*** Block opens ***
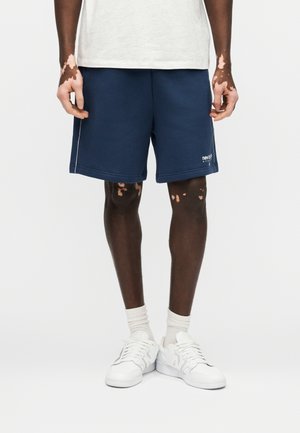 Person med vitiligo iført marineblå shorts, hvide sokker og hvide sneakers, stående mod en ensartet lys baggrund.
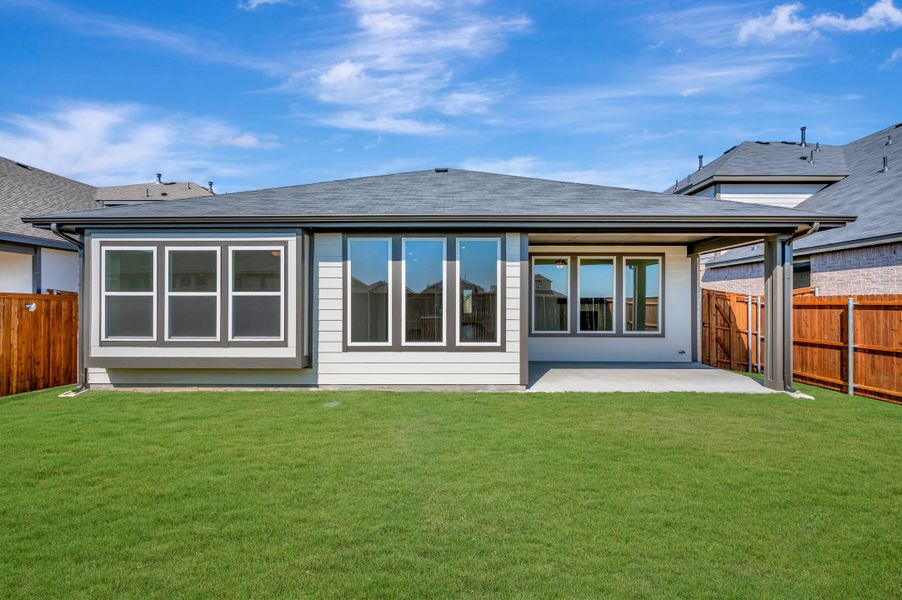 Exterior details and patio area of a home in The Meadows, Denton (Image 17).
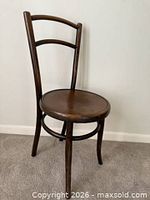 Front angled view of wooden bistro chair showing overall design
*** Block closes ***
*** Block opens ***
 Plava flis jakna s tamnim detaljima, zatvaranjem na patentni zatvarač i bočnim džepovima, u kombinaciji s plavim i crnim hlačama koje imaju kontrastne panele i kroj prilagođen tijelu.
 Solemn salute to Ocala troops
*** Block closes ***
*** Block opens ***
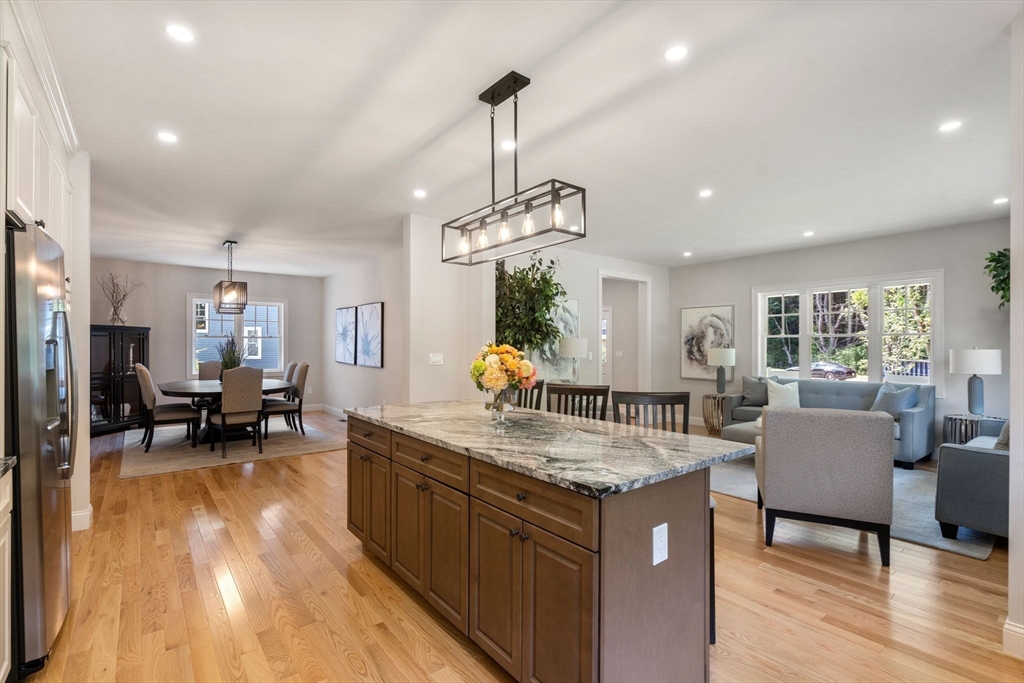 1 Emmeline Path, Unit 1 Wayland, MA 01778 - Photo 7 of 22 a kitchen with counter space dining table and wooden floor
*** Block closes ***
**Exercise goal**. Both the line above containing "Person med vitiligo" and the line containing "Front angled view" belong in the copy, along with every line between them; print these exactly and omit the pictures.

**Exercise output**.
 Person med vitiligo iført marineblå shorts, hvide sokker og hvide sneakers, stående mod en ensartet lys baggrund.
 Exterior details and patio area of a home in The Meadows, Denton (Image 17).
 Front angled view of wooden bistro chair showing overall design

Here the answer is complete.